Appeared in Express Tribune 

ISLAMABAD: A week-long doll making workshop for children kicked off at the National Institute of Folk and Traditional Heritage (Lok Virsa) on Tuesday.

Some 45 school students are attending the workshop. PHOTOS: MUHAMMAD JAVAID/EXPRESS, LOK VIRSA
Themed “harnessing culture with education”, the workshop is a joint venture of Lok Virsa, Federal Directorate of Education (FDE) and the Directorate General of Special Education. It aims to create a linkage between folk crafts and education, especially among young students.
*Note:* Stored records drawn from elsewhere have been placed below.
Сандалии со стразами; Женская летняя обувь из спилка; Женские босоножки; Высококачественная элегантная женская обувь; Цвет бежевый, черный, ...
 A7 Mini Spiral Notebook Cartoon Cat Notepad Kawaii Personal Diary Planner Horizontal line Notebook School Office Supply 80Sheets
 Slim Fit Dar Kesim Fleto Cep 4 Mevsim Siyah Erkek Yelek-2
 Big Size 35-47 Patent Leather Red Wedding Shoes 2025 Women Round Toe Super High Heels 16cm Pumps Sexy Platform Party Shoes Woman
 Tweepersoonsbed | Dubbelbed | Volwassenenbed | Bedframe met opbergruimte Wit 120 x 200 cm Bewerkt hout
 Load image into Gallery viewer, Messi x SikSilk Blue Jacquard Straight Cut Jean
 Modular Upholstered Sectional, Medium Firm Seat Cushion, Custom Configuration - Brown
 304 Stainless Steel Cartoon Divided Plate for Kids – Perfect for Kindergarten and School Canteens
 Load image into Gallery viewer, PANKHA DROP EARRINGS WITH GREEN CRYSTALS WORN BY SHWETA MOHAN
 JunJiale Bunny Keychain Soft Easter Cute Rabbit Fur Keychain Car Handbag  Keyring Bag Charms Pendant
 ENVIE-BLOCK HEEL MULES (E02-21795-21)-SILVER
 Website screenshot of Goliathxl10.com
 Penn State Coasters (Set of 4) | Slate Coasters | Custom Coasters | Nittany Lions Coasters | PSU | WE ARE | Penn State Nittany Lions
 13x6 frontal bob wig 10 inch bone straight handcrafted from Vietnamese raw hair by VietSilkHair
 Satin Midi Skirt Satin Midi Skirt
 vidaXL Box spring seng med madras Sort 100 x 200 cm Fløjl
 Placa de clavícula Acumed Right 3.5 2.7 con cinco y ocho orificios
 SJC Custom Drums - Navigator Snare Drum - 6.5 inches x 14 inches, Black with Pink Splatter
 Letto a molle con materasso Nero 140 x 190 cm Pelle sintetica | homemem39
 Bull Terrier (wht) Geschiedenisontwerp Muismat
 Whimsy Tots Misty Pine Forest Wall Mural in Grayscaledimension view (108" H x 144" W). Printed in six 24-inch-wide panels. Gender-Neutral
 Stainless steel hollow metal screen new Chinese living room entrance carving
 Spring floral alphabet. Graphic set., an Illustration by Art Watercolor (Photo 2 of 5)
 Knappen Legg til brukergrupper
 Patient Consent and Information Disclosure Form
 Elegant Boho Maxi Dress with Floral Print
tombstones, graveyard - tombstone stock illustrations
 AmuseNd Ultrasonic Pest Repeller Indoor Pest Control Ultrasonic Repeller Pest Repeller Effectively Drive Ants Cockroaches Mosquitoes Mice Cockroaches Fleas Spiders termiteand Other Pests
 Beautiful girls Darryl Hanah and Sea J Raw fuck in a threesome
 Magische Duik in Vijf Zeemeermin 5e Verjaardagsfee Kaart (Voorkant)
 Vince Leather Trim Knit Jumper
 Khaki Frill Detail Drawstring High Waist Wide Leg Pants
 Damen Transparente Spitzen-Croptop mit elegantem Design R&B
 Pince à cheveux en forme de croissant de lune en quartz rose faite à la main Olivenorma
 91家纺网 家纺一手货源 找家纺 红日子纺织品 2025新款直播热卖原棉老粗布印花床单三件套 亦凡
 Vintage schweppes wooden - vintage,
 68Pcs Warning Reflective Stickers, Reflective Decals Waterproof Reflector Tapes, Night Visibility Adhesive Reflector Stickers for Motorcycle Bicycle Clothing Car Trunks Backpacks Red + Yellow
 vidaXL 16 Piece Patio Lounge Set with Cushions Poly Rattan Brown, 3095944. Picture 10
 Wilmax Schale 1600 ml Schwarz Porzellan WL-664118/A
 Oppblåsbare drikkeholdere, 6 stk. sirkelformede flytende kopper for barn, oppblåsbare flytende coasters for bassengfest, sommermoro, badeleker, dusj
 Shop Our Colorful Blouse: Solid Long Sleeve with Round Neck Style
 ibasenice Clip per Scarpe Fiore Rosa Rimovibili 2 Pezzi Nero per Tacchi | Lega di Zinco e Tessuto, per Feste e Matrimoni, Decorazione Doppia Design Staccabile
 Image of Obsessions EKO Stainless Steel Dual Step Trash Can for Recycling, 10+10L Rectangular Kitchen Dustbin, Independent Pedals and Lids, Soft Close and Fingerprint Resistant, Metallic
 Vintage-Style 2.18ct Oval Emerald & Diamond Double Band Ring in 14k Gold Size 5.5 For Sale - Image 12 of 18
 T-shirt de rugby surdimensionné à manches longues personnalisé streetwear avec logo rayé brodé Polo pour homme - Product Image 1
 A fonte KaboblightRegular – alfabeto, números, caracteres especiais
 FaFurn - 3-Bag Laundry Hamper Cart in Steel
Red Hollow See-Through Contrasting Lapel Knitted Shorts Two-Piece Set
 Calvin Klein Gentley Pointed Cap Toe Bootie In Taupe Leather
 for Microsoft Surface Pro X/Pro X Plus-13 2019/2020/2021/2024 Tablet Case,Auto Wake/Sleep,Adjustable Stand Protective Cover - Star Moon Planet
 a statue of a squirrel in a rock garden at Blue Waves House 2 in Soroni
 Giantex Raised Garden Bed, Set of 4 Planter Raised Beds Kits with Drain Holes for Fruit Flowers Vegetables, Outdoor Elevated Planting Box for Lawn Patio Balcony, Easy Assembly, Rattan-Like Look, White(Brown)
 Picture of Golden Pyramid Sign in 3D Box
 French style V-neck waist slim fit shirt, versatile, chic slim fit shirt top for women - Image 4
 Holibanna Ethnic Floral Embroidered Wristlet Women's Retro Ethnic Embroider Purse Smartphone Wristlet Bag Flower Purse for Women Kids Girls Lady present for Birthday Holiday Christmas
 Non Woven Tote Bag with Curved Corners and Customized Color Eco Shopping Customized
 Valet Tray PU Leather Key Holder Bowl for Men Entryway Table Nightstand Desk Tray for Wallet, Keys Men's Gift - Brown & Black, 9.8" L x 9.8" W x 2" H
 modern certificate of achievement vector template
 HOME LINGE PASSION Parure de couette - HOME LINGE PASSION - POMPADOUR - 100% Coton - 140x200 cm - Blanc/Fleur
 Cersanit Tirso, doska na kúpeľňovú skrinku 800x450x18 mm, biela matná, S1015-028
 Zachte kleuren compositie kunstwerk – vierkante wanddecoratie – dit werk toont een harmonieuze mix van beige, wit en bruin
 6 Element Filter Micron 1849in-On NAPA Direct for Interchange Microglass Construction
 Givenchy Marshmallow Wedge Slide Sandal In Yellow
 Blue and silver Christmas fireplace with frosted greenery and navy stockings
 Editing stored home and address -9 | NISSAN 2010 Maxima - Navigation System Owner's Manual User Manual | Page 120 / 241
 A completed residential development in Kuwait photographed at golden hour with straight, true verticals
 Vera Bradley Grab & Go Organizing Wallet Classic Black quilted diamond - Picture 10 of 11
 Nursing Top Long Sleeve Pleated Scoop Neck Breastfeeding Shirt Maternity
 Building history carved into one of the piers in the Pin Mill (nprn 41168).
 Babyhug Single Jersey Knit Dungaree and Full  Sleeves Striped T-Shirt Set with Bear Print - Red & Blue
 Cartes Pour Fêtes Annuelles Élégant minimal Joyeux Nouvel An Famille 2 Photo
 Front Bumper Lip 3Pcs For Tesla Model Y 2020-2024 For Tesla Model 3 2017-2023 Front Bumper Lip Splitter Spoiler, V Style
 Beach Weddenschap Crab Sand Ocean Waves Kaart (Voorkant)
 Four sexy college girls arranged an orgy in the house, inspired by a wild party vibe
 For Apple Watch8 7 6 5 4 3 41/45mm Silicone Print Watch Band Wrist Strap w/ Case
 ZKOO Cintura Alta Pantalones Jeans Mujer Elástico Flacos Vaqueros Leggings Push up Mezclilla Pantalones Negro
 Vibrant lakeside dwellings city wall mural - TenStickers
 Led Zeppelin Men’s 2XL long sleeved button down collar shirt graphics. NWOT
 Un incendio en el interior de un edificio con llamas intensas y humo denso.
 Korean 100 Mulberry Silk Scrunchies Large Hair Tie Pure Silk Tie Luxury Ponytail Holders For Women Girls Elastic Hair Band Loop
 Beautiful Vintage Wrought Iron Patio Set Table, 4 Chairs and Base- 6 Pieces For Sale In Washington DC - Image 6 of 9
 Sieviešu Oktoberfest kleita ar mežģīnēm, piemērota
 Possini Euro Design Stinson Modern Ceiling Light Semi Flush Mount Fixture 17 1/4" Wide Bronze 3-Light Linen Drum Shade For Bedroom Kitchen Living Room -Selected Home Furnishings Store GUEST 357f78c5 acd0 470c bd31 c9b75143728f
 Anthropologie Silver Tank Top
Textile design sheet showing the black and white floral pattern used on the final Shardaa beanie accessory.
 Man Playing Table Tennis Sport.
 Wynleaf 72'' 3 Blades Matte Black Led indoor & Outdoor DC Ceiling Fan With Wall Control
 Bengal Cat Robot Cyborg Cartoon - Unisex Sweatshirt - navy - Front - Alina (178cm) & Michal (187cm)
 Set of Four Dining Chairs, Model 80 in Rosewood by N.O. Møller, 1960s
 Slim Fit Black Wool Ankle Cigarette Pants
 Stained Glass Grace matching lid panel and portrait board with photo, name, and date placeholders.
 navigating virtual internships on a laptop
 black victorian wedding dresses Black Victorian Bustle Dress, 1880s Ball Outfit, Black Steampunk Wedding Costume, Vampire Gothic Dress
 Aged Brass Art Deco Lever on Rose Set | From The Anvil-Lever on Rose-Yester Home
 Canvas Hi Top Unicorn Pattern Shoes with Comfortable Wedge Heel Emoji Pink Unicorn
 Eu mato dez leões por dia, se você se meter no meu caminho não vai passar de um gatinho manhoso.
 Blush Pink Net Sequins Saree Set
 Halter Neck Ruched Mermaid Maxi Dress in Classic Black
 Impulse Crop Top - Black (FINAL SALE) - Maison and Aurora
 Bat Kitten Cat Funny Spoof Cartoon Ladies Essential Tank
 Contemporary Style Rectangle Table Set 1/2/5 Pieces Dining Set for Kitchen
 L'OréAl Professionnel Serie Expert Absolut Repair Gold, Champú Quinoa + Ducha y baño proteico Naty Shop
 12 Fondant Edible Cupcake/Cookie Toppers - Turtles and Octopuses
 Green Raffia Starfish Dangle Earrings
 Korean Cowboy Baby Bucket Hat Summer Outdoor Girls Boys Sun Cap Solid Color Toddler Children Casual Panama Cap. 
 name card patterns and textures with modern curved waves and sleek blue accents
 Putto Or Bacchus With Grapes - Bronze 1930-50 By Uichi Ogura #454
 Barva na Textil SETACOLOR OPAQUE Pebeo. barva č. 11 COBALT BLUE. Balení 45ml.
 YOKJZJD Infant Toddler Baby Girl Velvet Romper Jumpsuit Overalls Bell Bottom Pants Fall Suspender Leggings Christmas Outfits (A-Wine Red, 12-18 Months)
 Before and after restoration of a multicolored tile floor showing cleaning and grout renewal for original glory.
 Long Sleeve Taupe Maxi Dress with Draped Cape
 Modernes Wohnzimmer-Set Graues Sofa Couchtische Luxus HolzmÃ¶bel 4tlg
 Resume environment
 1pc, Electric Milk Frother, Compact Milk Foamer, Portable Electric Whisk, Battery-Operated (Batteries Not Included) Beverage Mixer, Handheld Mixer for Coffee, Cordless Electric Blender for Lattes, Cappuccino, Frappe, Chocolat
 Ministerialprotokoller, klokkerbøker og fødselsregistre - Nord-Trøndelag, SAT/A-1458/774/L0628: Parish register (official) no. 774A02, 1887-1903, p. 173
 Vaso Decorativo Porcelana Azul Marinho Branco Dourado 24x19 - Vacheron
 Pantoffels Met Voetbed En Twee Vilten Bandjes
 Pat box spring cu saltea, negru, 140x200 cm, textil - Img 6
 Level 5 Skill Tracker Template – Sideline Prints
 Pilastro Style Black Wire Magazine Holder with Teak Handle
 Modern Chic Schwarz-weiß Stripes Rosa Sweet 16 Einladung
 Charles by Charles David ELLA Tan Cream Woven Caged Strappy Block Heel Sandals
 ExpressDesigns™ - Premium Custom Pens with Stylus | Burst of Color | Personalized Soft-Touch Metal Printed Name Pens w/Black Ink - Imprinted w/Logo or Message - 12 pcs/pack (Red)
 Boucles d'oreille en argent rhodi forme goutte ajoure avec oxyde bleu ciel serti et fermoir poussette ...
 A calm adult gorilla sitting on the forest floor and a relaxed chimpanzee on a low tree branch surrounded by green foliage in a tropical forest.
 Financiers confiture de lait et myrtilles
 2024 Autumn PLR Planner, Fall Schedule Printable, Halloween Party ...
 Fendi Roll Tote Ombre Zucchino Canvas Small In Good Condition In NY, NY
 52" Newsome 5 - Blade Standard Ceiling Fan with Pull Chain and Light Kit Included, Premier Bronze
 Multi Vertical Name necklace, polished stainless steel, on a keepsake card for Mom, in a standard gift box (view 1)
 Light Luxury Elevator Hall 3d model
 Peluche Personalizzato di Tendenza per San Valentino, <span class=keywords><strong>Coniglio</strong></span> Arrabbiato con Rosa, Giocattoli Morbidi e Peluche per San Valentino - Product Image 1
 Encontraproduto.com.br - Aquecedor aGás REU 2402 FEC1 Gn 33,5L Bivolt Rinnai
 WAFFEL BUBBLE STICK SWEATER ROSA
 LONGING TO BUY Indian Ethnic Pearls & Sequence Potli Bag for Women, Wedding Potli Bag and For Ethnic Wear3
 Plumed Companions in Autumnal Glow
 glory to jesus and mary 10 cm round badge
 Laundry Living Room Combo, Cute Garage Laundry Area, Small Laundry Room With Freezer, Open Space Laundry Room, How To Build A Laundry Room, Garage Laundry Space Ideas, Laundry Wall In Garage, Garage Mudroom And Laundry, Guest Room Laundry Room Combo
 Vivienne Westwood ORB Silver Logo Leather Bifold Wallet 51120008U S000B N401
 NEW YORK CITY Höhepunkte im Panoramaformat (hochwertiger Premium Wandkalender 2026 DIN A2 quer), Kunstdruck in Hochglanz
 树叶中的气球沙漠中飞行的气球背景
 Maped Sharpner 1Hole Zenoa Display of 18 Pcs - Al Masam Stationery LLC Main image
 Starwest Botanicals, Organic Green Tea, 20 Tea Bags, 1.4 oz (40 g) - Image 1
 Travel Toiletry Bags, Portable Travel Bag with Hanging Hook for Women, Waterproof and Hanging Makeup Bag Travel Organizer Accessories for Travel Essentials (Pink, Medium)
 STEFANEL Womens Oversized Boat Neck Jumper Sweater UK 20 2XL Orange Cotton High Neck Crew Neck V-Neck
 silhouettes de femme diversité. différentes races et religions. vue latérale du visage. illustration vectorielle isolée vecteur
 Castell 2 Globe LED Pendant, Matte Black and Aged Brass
Puppeteer and Lok Virsa board member Farooq Qaiser, in his welcome speech, said one of the main agenda of such an initiative is to promote and transfer cultural skills on to the next generation. Qaiser said dolls keep children company and entertain them when they are alone.

“Doll making is an indication of innocence, friendship and honesty and one of the best elements of our culture. This craft should not be forgotten. It should be encouraged as much as possible,” Qaiser said.

Minister of State for Capital Administration and Development Division (CADD) Barrister Usman Ibrahim, who inaugurated the workshop, lauded Lok Virsa’s initiatives for promoting folk crafts and culture.

He said the public-sector education institutes have outperformed the private one in Islamabad. He lauded the workshop which he said would familiarise students with tradition and called for more such programmes.

Islamabad Model School for Girls G -6/1 Principal Ghazala Yasmin said such activities serve as a catalyst for creativity and help in flourishing a healthy mindset. She said the workshop would inspire students and help them pick up productive activities.

Some 45 students from various schools in Islamabad and Rawalpindi are attending the workshop, which concludes on November 15.

Other craft workshops in the pipeline are truck art, pottery marking, weaving, block printing, stone carving, lacquer art and wax painting.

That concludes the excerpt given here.